古川 ロッパ(ふるかわ ろっぱ、古川 緑波とも、1903年明治36年)8月13日[1] - 1961年昭和36年) 1月16日)は、1930年代の日本の代表的コメディアン

祖父は東京帝国大学総長をつとめた加藤弘之男爵という家系。長男以外は養子、という家訓にそって古川家の養子となる。「緑波」(リョクハ)は小学校3年時に自らつけたペンネームである。後年、舞台活動では「ロッパ」、筆名は「緑波」と使い分けた。

小倉中学、早稲田中学、早稲田第一高等学院、早稲田大学文学部と進む。中学時代から映画雑誌を刊行したり、「キネマ旬報」にも投稿、高等学院時代には「キネマ旬報」の編集同人となり、早大在学中に菊池寛の誘いで文芸春秋社に入社し、雑誌「映画時代」の編集者となる。早熟で、映画好きで、文章力があった。

宴会の余興芸がこうじて、自ら演技したものまねを「声帯模写」と命名している。菊地寛や小林一三に喜劇役者への転向を勧められ、1932年に宝塚劇場でデビュー。菊田一夫脚本の作品がヒットする。同時期に活躍したエノケンと並び「エノケン・ロッパ」と称される。エノケンの芸風と対照的な知的な雰囲気が受けた。歌手としても多くのレコードを出している。

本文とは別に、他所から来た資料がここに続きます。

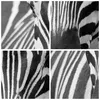 Poster - Poster ohne Rahmen - Tiere Zebra gestreift - 60x60 Produktbild-Vorschau 8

1935年ころからは「古川緑波一座」を弾いて大いに人気を博す。特にホワイトカラーに受けた。エノケンブルーカラーに人気だった。ロッパは、座付き作者、俳優、台本作家などに一流の才能を集め名プロデューサーだった。この5年間が黄金時代だった。戦争の時代には国家の干渉を受けたが、ひるまず低級喜劇、滑稽芝居の道を歩んでいる。戦後は「ロッパ・エノケン」の合同公演などで当たりをとったが、時代の変化についていけずに人気は落ちていった。一方でラジオはもとより、黎明期にあったテレビのパイオニアとしても活躍している。

美食家・健啖家で「ロッパ食談」「悲食記」がある。読書家、日記魔でもあった。ネーミングのセンスあり。ハリきる、イカすなど造語の名人。菊池寛はクチキカンと揶揄するなどセンスは抜群。幅広い交友。麻雀やポーカー。、、、、

こうやって古川ロッパの生涯をたどると、ものすごいエネルギーの持ち主だったと感じる。あらゆる分野への旺盛な好奇心で次々にものにしていく姿は圧巻だ。

 死の直前まで休みなく書き続けた日記は「古川ロッパ昭和日記」の名で刊行されている。昭和の喜劇史、風俗史としても貴重な作品だ。ロッパ自身も戦時中には自宅消失時にも防空壕に埋めておいて難を逃れるなど大事にしていた。この点は空襲時には日記を抱えて避難していた永井荷風や、盛岡に日記を転居させていた原敬とも通じる。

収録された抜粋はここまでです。